Comparing MDX Query Results With Tablediff
Recently I was working on a project where the customer wanted to upgrade from SP1 to SP2 but found that when they did so the results of some of the calculations on their cube changed. Unfortunately these changes weren’t easy to spot: their MDX Script was >1500 lines long and the bugs they were running into were dependent on the query being run and whether the cache was cold or warm (in fact one of them was the bug I blogged about here). When testing various workarounds and hotfix builds, the problem I ran into was a problem I’ve run into before on numerous occasions: when I changed something on the MDX Script, how did I know it didn’t break something else?

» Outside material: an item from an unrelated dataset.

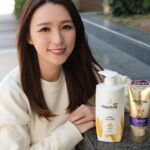 Snow Suen Instagram - 最近飛咗去台灣拍攝旅遊節目！ 要成日染髮、set頭加埋紫外線～ 斷髮多咗又毛躁 仲要冇光澤 😣 為咗頭髮健康啲！上鏡靚啲！ 我每日都會用Pantene 升級版 髮膜級 3 分鐘奇蹟護髮素 每日只要 3 分鐘就可以修護頭髮累積損傷！  新升級嘅3倍 PRO-V 修護精華 可以補充頭髮原生營養，強韌髮絲 而且清爽又唔油膩，每日用都無負擔啊🤩 所以幾忙都好，每日都要好好護理頭髮！ 即日起到1 月11日去指定零售商買兩件仲有限時8折🫶🏻 趁呢個機會踏出護髮第一步啦!  #PanteneHK #升級版 #髮膜級 #3分鐘奇蹟護髮素 #多效損傷修護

In the past what I’ve done was take a few MDX queries, run them, copy and paste the results into Excel, make my changes and then rerun the same queries and paste the new results into Excel again and use Excel formulas to compare the old and new resultsets. However in this case this approach just wasn’t feasible and I started looking for a better way of comparing large numbers of MDX resultsets. Now there is definitely a tool to be written here, probably one which runs batches of queries, serialises the cellsets and saves them to disk, and then compares the cellsets and highlights any cells with differences, but I didn’t have time to write it. I was talking the problem over with Didier Simon of PSS, though, and he made a great suggestion – use tablediff.exe, the command line utility you get with SQL Server to compare relational tables. You can read more about it here:
This turned out to be the key. I cannibalised bits of my Analysis Services cache warmer and created two SSIS packages, the first of which ran a batch of MDX queries retrieved from a relational table (originally saved from a Profiler trace) through SQL Server using OpenRowset and saving the results in a table using a SELECT INTO. Here’s what the control flow looked like:
And here’s an example of the kind of SQL query I was generating:
select identity(int, 1,1) as idcolumn, * into Query1
from openrowset(‘MSOLAP’, ‘Datasource=localhost; Initial Catalog=Adventure Works DW’,
‘ with cell calculation test for ”(*)” as ”cstr(round(measures.currentmember,5))”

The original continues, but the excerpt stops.